┌──

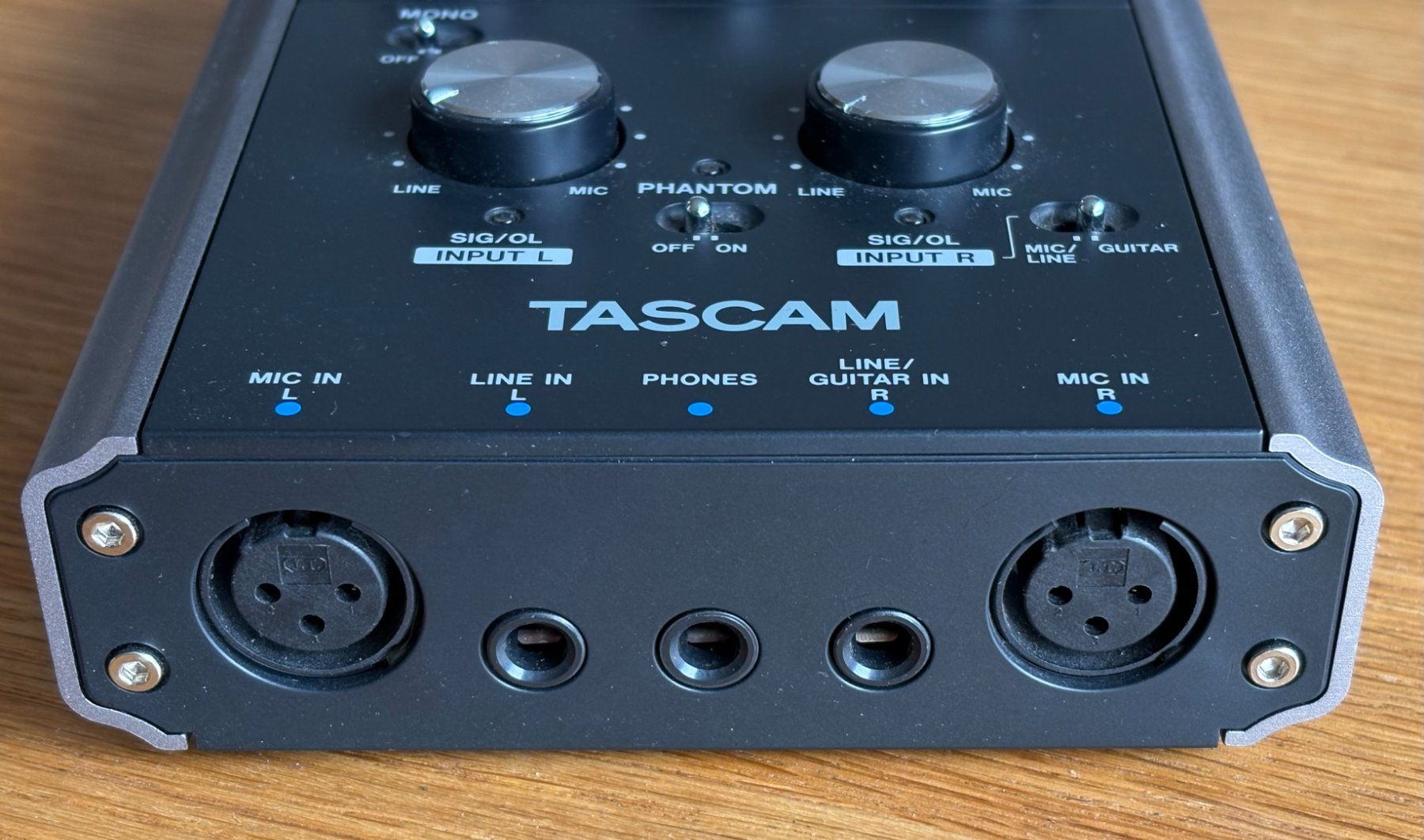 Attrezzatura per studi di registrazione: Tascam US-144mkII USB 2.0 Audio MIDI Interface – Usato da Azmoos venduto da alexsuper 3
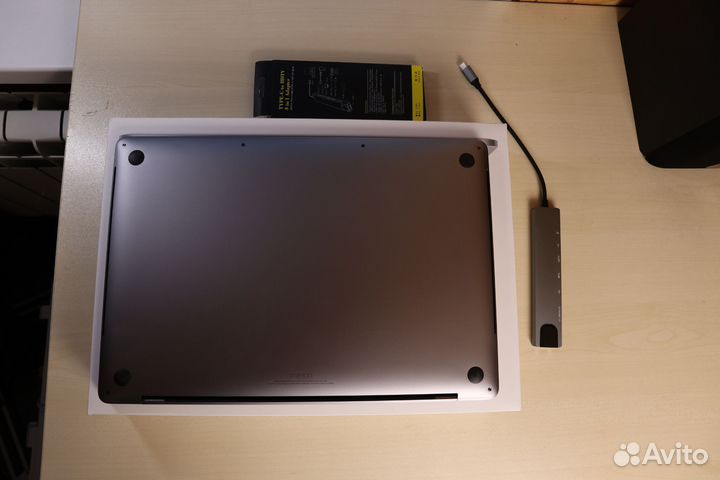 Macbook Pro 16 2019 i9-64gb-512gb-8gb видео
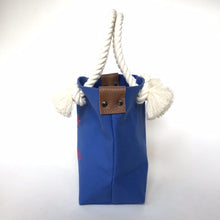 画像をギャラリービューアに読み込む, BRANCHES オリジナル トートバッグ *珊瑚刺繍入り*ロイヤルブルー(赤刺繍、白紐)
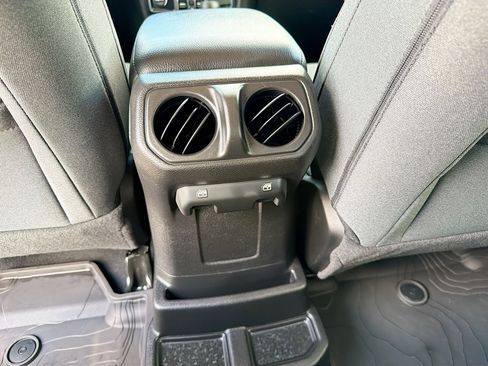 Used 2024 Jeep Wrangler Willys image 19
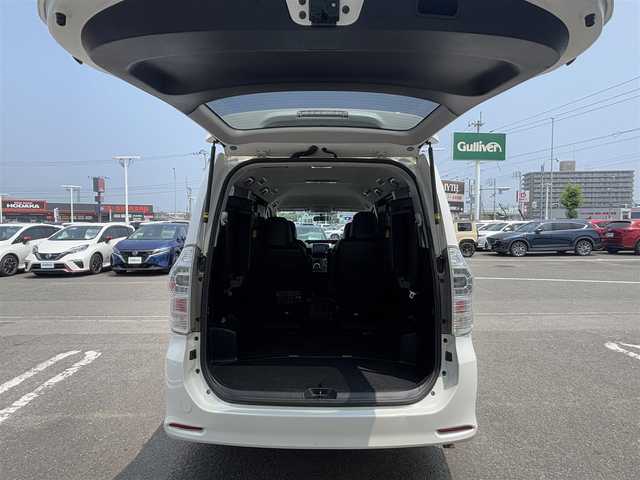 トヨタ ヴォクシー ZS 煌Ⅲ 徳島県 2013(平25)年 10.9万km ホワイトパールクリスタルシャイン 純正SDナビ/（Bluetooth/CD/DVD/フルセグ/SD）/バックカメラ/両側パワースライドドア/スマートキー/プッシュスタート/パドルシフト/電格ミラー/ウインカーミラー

└──

What to work on:
The lines to reproduce run from the line containing "Used 2024 Jeep Wrangler Willys image 19" through the last line of the records above, both included. Copy them exactly and drop the pictures.

Task response:
 Used 2024 Jeep Wrangler Willys image 19
 トヨタ ヴォクシー ZS 煌Ⅲ 徳島県 2013(平25)年 10.9万km ホワイトパールクリスタルシャイン 純正SDナビ/（Bluetooth/CD/DVD/フルセグ/SD）/バックカメラ/両側パワースライドドア/スマートキー/プッシュスタート/パドルシフト/電格ミラー/ウインカーミラー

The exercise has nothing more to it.